Esses quatro homens, eles não são de forma alguma astronautas. O título é certeiro. Eles são caubóis, velhos caubóis. Eles não têm a chatíssima operacionalidade-de-bom-aluno dos jovens inteligentes e bem-formados da Nasa, flores de estufa; eles tem, isso sim, o savoir-faire da vida real e a experiência da própria existência como melhor escola. O tempo dos astronautas é linear, e eles andam em linha reta. O tempo para os caubóis do espaço, senhores que perceberam que a linha reta no fundo não leva a lugar nenhum, é um cavalo que se deve montar, é uma onda que se deve surfar. Eles sabem que o morte está à espera, e que logo não adianta muito um plano prévio. Enquanto os jovens vivem no mundo do procedimento, os caubóis do espaço vivem no mundo da execução.

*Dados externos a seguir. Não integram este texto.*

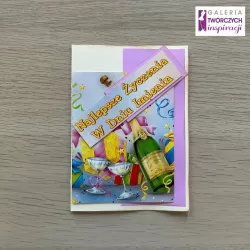 Kartka imieninowa „Najlepsze Życzenia” – 10,5 x 15 cm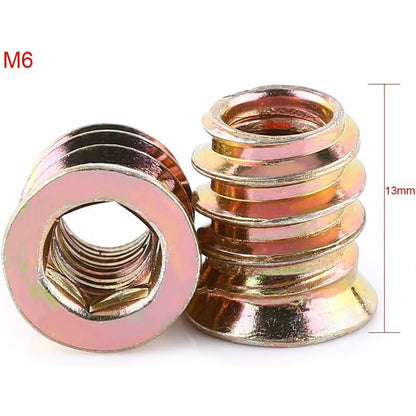 Pack Of 20 pcs M6/M8/M10 Zinc Alloy Threaded Hex Nut, Zinc Alloy Insert Nuts Assortment (M613Mm) - Image 2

Mas não nos enganemos. Caubóis do Espaço é, no fundo, uma preparação para a morte. Eles têm uma chance, quarenta anos depois, para realizar o sonho da vida e aprender a morrer. Quando, ao final do filme, é preciso realizar uma decisão extrema, fatal, Hawk encarrega-se do fardo – ele havia descoberto há pouco que estava com um câncer fatal – e o que ele diz a Frank Corvin é sintomático: "Eu consegui. Dessa vez eu te ganhei". Hawk, em sua decisão de dispor de sua vida, escolhe a hora de sua morte, aprende a morrer. Ele deverá levar explosivos letais à Lua para salvar a Terra, mas isso lhe irá custar a vida. E custa. Quando os caubóis voltam – num vôo atribulado ao qual é dado 0% de chances de sucesso –, a câmara persiste por cinco, dez longos segundos perscrutando, em uma luminosidade magnífica, os corpos daqueles três senhores sobreviventes, aventureiros do espaço. Eles sabem que não foi só Hawk que morreu. Ao realizarem sua vida no espaço, todos experimentaram ser Hawk. Todos fizeram sua preparação. Não é à toa que, quando novamente reunido com sua esposa, Frank observa com ela a Lua. Teria Hawk conseguido? O plano seguinte, o último plano do filme, resolve nos contar: ao som de "Fly Me To The Moon" com Count Basie e Frank Sinatra, a câmara faz um travelling da Terra até a Lua, e da superfície da Lua até um pontinho que vai crescendo até podermos ver o ferro-velho da Guerra Fria calmamente pousado na Lua; escondido atrás dele, um corpo está calmamente disposto, preso aos explosivos. A câmara vai lentamente se colocando de frente ao capacete, que não revela um rosto, mas apenas um reflexo preto. A câmara termina por, sempre no mesmo travelling, engolir o preto do capacete e entrar os créditos, justamente quando na música a orquestra do Conde Basie quebra tudo. Hawk conseguiu realizar sua missão, mas isso acaba tornando-se menos importante. Importante foi que Hawk realizou seu percurso existencial, teve o momento de dispor de sua vida dizendo "sim" a toda adversidade. O preto do capacete é incapaz de esconder: Hawk morreu rindo.